Getting inside the head of an analyst - City Comment

It is seven in the morning and one of the staffing firms has just reported. After checking the company has met profit expectations, what are the first things analysts will typically look at?
Thu, 6 Jun 2013 | By Adrian Kearsey, equity analyst at Hardman & CoIt is seven in the morning and one of the staffing firms has just reported. After checking the company has met profit expectations, what are the first things analysts will typically look at?

Since changes in temp/perm mix can distort the top line, we like to focus on growth in net fee income (NFI), also known as gross profit (GP). [GP per employee is used as the basis for Recruiter’s annual HOT 100.] With considerable volatility in market conditions we tend to analyse growth rates generated in the last three or six months. Rates of growth being generated any further back can be hugely misleading to current trends.

The experience of the past 12 months highlights how firms can quickly see positive growth rates fall away and for some firms to start delivering negative like-for-like NFI growth. For example, in the second half of 2012 Hays saw NFI move positive (+2% from April-June) to negative (-1% from July-Sept).

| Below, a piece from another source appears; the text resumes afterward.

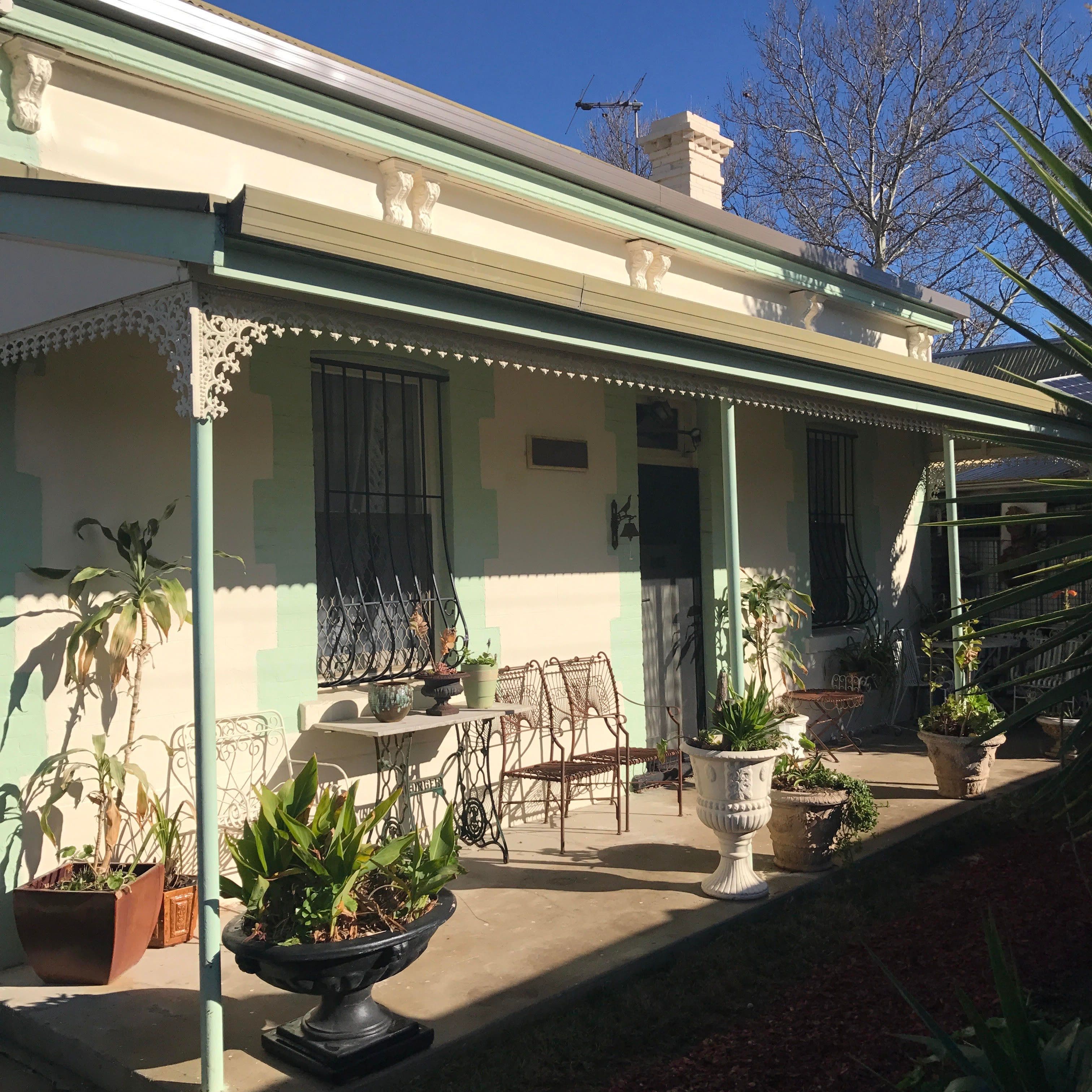 4 Starr Street, Rosewater SA 5013, Rosewater - Thumbnail 3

With the increased internationalisation of many staffing firms it is also important to look at the geographic split of the business. We like to assess how firms are performing within particular geographies. Looking at the UK is a good case in point. Most results from the quoted staffers show a continued contraction in UK activity. However, interim results from Matchtech show UK NFI growth of 8%.

Admittedly, analysing NFI growth is like trying to drive the car by only looking in the rear view mirror. We do read the ‘outlook statement’ in an attempt to judge business confidence. However, we prefer to see what management are doing with headcount. If they are bullish about current trends they will be adding staff. If they are worried about business prospects they will want to shrink staff numbers, even if this is by natural attrition. The larger quoted staffers (Hays, Page and SThree) have been letting headcount move lower, reflecting a contraction in their market segments.

By contrast, Matchtech has been investing in the business, adding 8% to its sales force in the first half. Given the positive performance of its particular specialisms – technical and engineering – we would expect this trend to continue.

Finally, we look to see whether management have been buying temp business. They can achieve this by sacrificing margins. However, it is often achieved by offering extended credit terms. If management are pursuing this type of expansion it will be reflected in a jump in debtor days. In itself this policy is not a worry and often reverses within a short period. Recent trading from Harvey Nash highlights this point. Moreover, some major account clients require better terms and so an expanding debtor book can be a good thing (as long as the balance sheet can afford it!).

Crucially, most of the quoted staffing firms are in good financial strength with either net cash or with net debt to EBITDA ratios below one. Therefore, we are normally quite relaxed about debtor day movements, but are conscious many investors monitor this position closely, especially since it can be an early sign of over trading.